═══ Data ═══

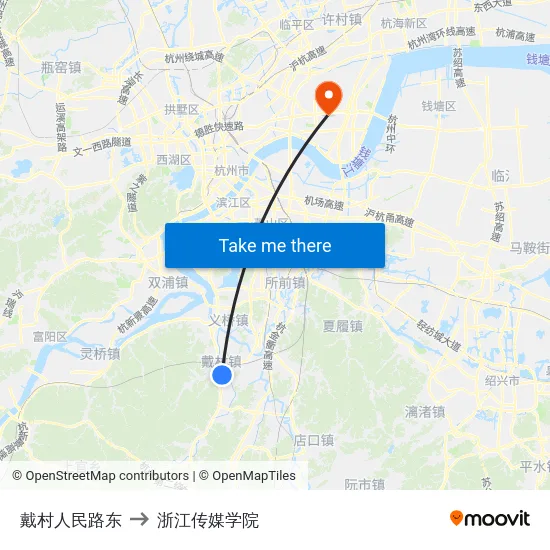 戴村人民路东 to 浙江传媒学院 map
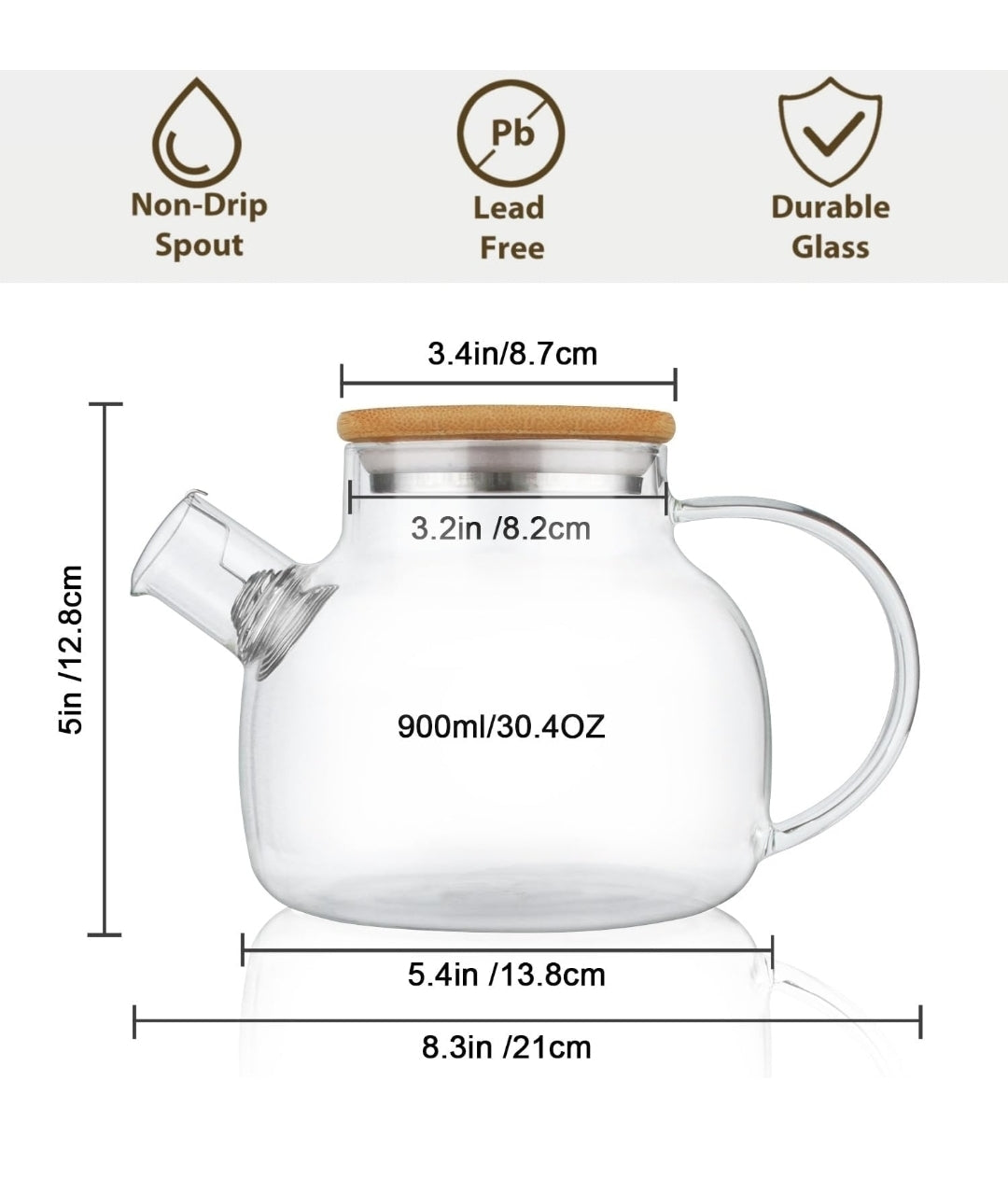 Glass Stove Top Tea pot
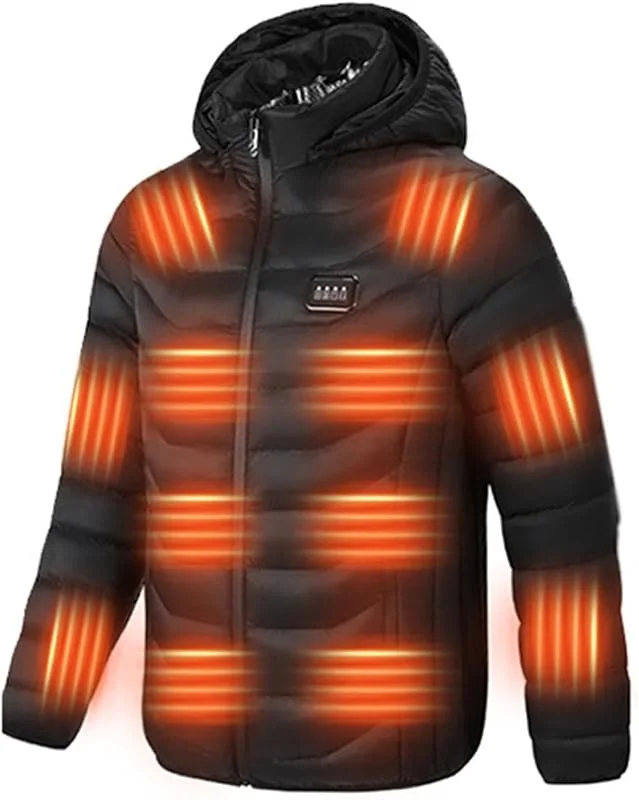 SEIWEI M Elektrisch Beheizte Weste, Waschbar Wiederaufladbar Beheizte Weste Winter Bodywarmer Jacke, Beheizter Gilet Mantel für Outdoor Aktivitäten (ohne Powerbank) — Heizkleidung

═══

- [What the task asks]:
Repeat the data exactly. No pictures should appear.

- [Response]:
 戴村人民路东 to 浙江传媒学院 map
 Glass Stove Top Tea pot
 SEIWEI M Elektrisch Beheizte Weste, Waschbar Wiederaufladbar Beheizte Weste Winter Bodywarmer Jacke, Beheizter Gilet Mantel für Outdoor Aktivitäten (ohne Powerbank) — Heizkleidung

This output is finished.